Captioned web images:
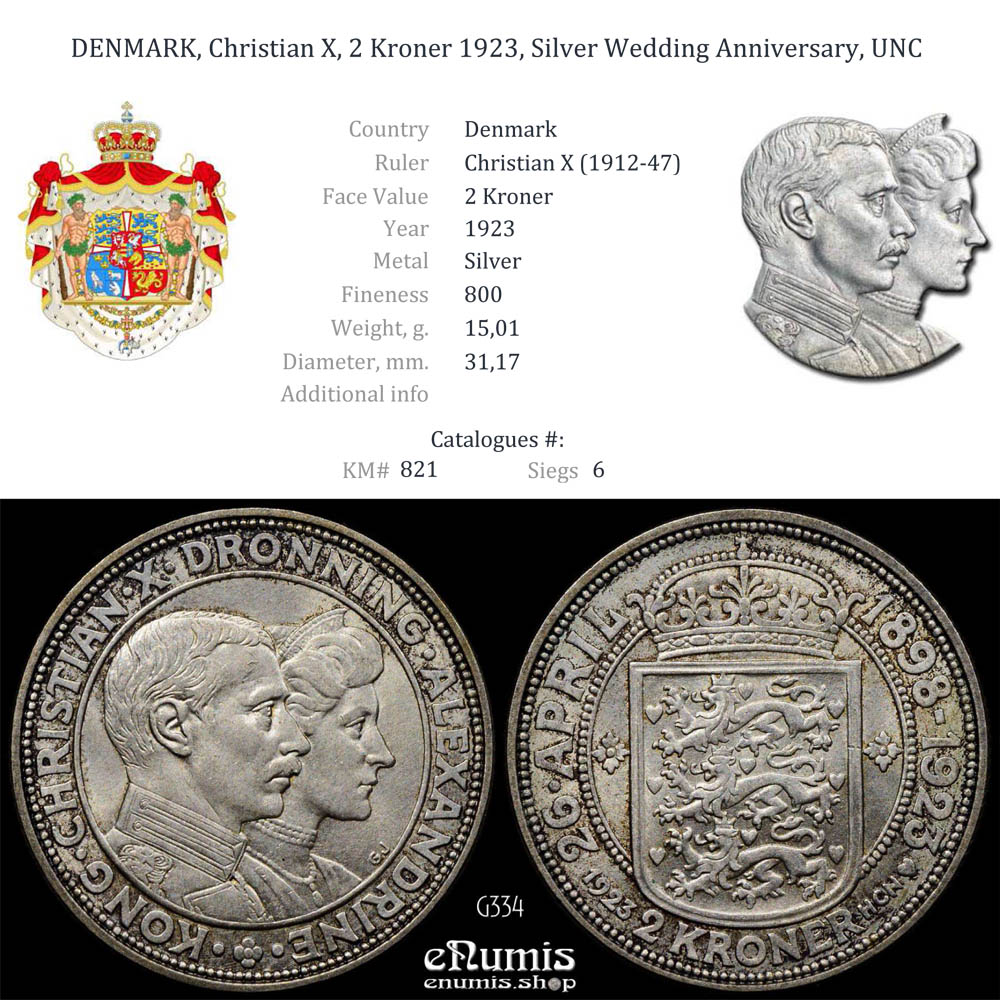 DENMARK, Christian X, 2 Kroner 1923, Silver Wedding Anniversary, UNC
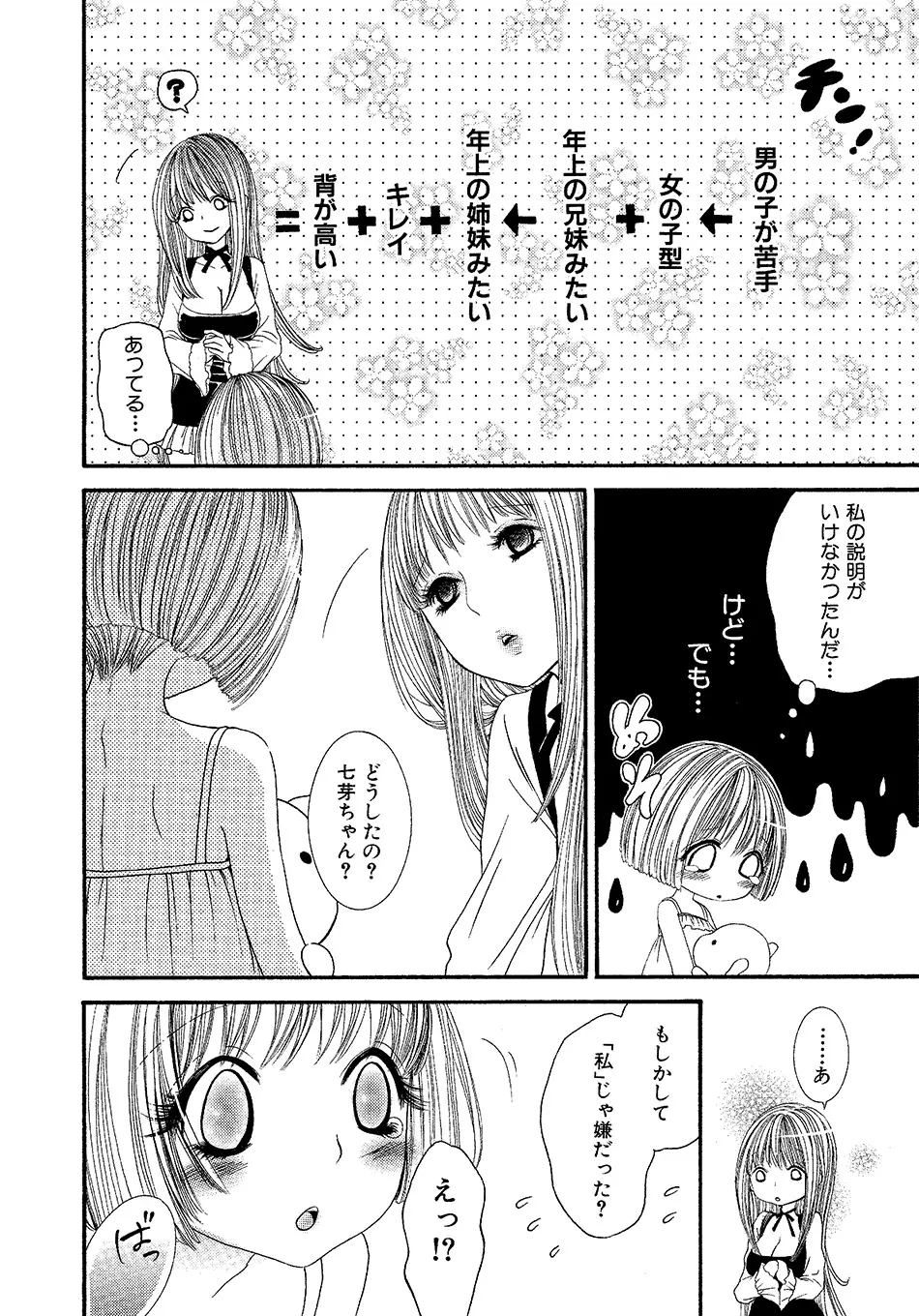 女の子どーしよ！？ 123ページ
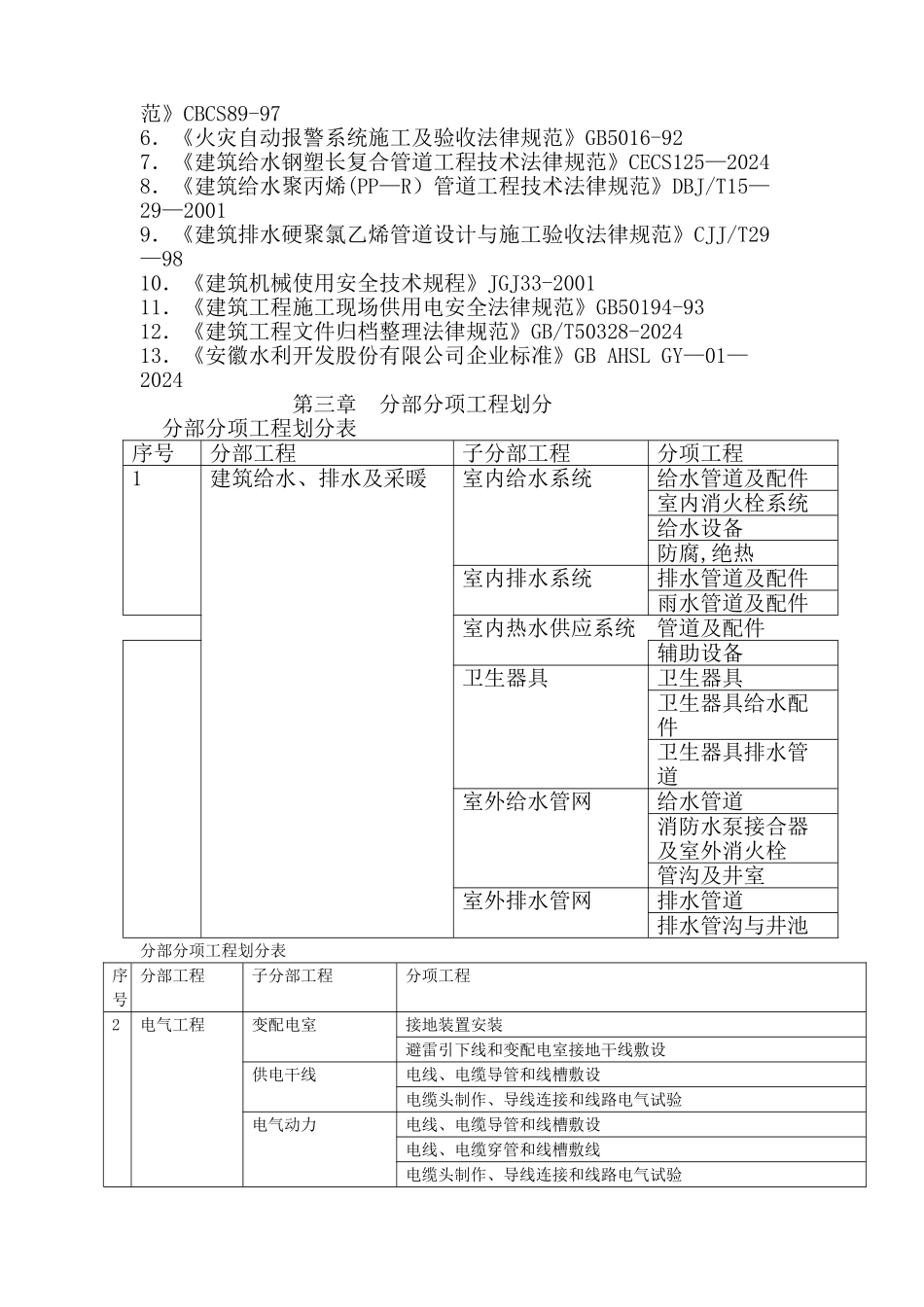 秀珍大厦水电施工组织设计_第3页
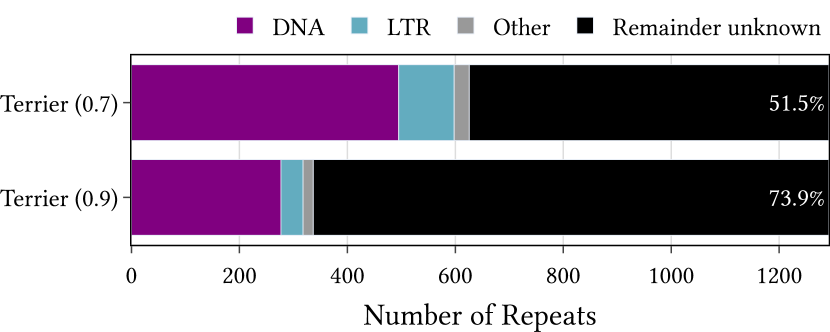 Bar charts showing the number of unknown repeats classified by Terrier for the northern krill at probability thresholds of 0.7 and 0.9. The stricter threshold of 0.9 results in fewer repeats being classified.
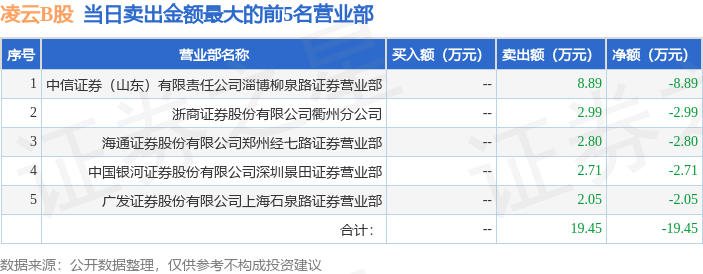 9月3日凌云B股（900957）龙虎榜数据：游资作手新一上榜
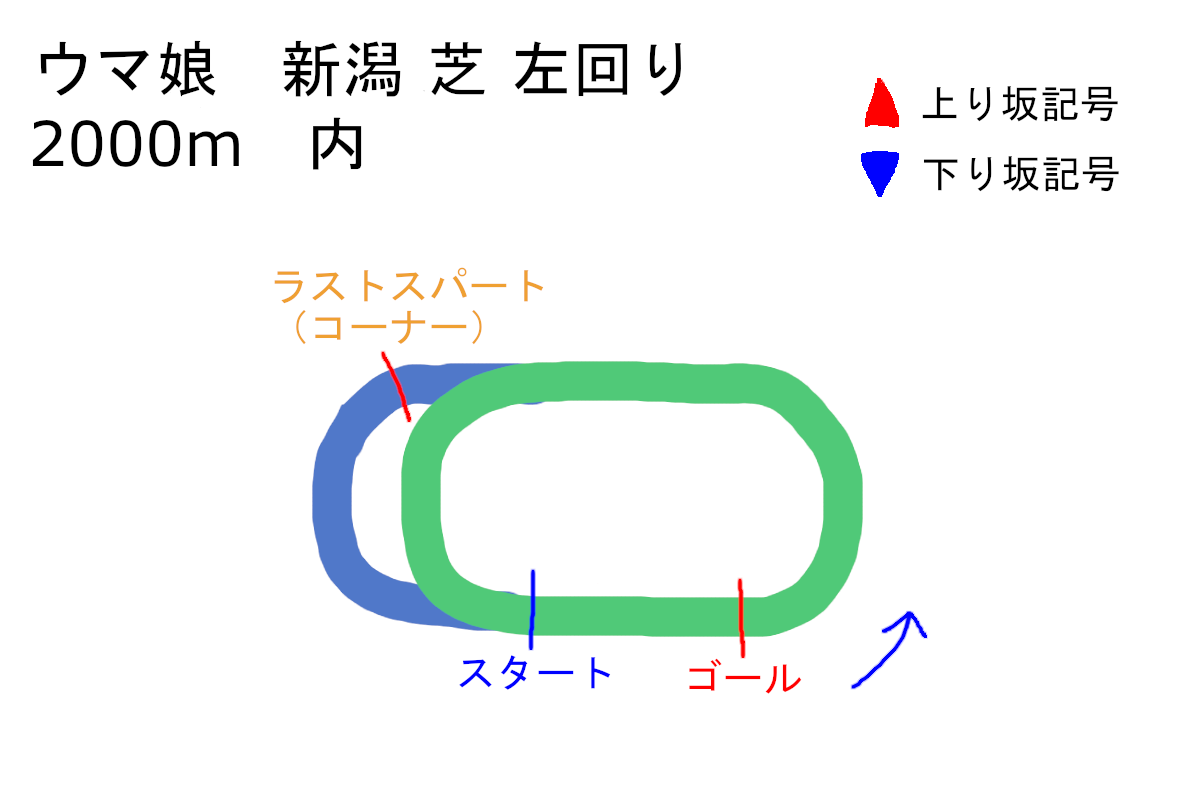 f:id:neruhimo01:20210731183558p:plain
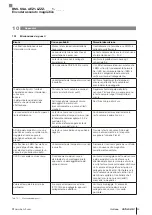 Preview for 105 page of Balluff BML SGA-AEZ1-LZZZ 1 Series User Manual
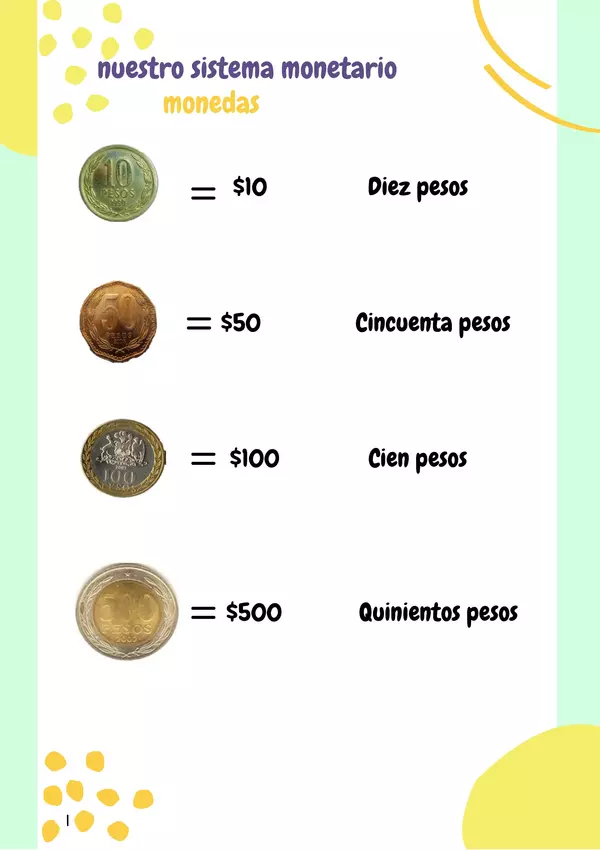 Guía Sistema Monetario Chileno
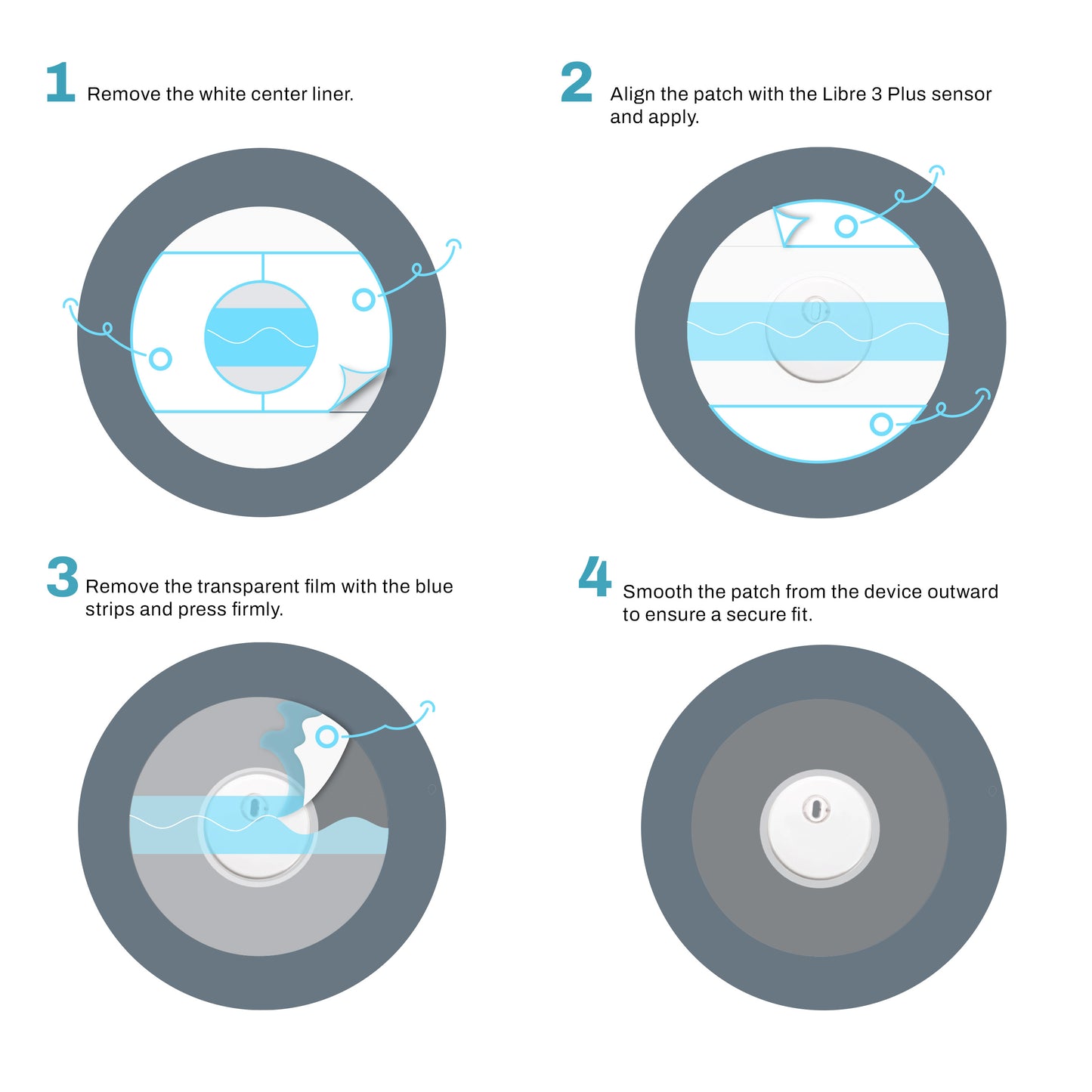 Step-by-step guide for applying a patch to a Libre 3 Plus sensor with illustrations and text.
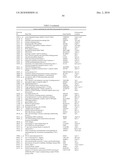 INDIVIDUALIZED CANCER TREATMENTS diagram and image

> [Assigned task] The job is to copy all the records precisely while omitting any picture.

> [Your solution]
 DENMARK, Christian X, 2 Kroner 1923, Silver Wedding Anniversary, UNC
 女の子どーしよ！？ 123ページ
 秀珍大厦水电施工组织设计_第3页
 Bar charts showing the number of unknown repeats classified by Terrier for the northern krill at probability thresholds of 0.7 and 0.9. The stricter threshold of 0.9 results in fewer repeats being classified.
 9月3日凌云B股（900957）龙虎榜数据：游资作手新一上榜
 f:id:neruhimo01:20210731183558p:plain
 Preview for 105 page of Balluff BML SGA-AEZ1-LZZZ 1 Series User Manual
 Guía Sistema Monetario Chileno
 Step-by-step guide for applying a patch to a Libre 3 Plus sensor with illustrations and text.
 INDIVIDUALIZED CANCER TREATMENTS diagram and image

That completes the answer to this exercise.